The problem: His highness is taking forever at the dinner table and puts up a fight whenever you ask him to finish her food faster.
“It’s getting cold. We’ve got to go, grandma is waiting. Can you focus and pay attention to your food, PLEASE?” Nothing makes him budge. The situation descends into a screaming, shouting or crying match. Sometimes, there’s even kicking.
What’s a parent to do?
What you need to know:
You may find slow eaters in kids who were made to eat by themselves at a relatively young age. Maybe the parents wanted to foster independence early; maybe they have more than one child to tend to and so the older ones don’t have the luxury of being fed.
In any case, children who are fed by an adult are subconsciously trained to chew and swallow faster than those who feed themselves. Parents may be unwilling to wait, or they ask the child repeatedly to swallow as the next spoonful is already waiting at the gate.
Self-eaters do not share the same motivation. They take their time, perhaps imagining dragon battles and tea party in between each mouthful. As a result, their soup is cold and their rice dried out by the time it goes down to their semi-full tummy.
What you can do:
It’s unfair to expect children to eat at the speed of their parents but we all have places to be, things to do.
So here’s what I suggest:
- Split the meal into two portions, preferably into separate bowls.
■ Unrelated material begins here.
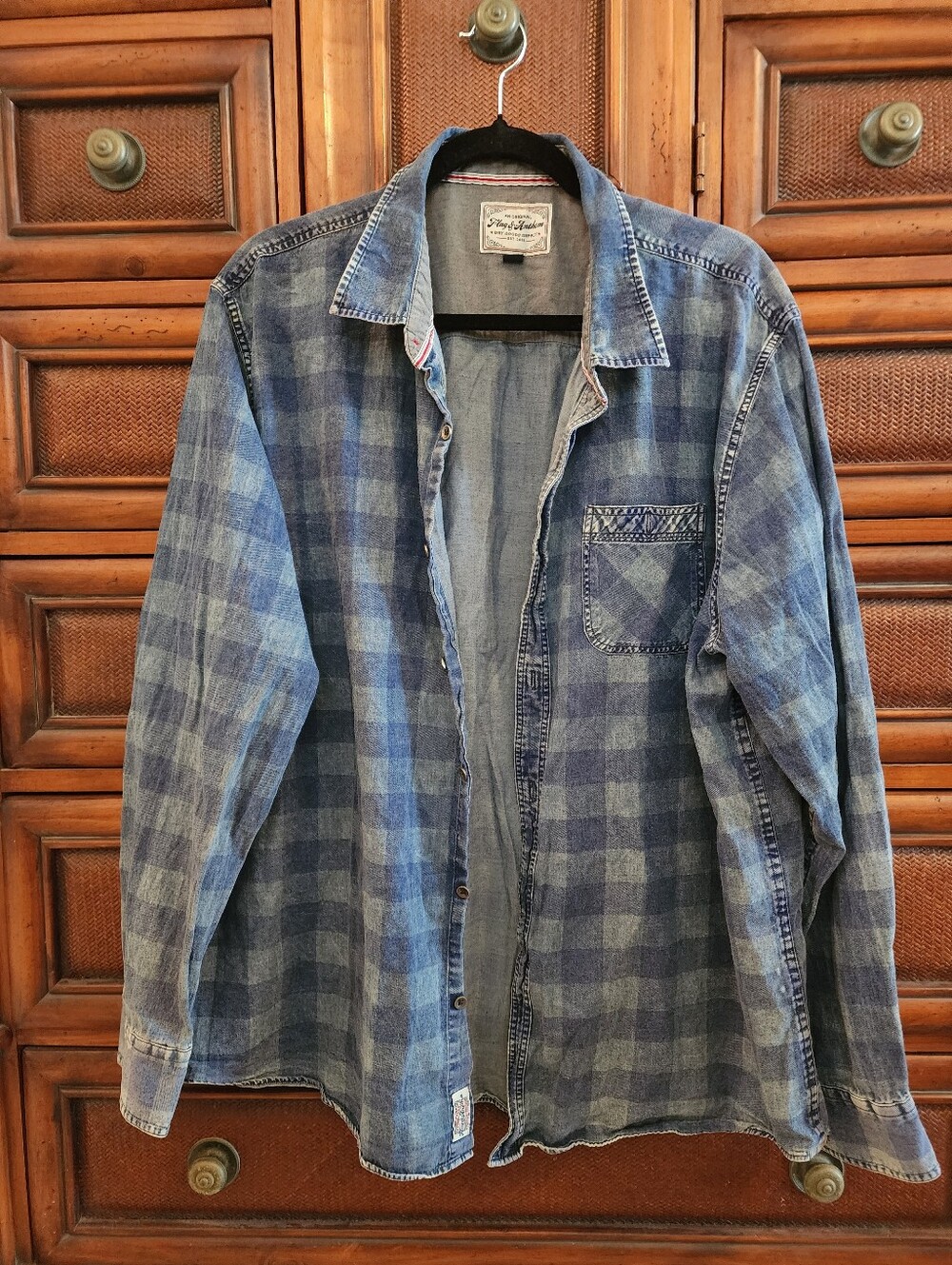 Casual Blue 90s Skater Look Checkered Plaid Grunge Denim Shirt Jacket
- Let the child eat from one bowl while you feed them from the second bowl, your bowl.
- Let them take their time with their bowl, while you keep them on pace with your bowl. At the very least, the child will finish 50% of their food, from the second bowl.
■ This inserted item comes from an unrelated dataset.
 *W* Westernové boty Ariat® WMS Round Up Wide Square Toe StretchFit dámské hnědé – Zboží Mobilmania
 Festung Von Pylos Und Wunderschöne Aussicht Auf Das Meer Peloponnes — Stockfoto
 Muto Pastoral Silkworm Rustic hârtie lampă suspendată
- Give the child a timeline to work with: “You have ten minutes to finish your food.”
- Give the child a goal to work towards: “We will go to grandma’s place after this. Do you want to go? Then finish your food.”
- Don’t give them a hard time if they do not finish their bowl, especially if they tell you they are already full. This prevents them from making over-eating a habit.
- Do this consistently, reducing the amount of the food in your bowl and allowing them to be in charge of a larger portion.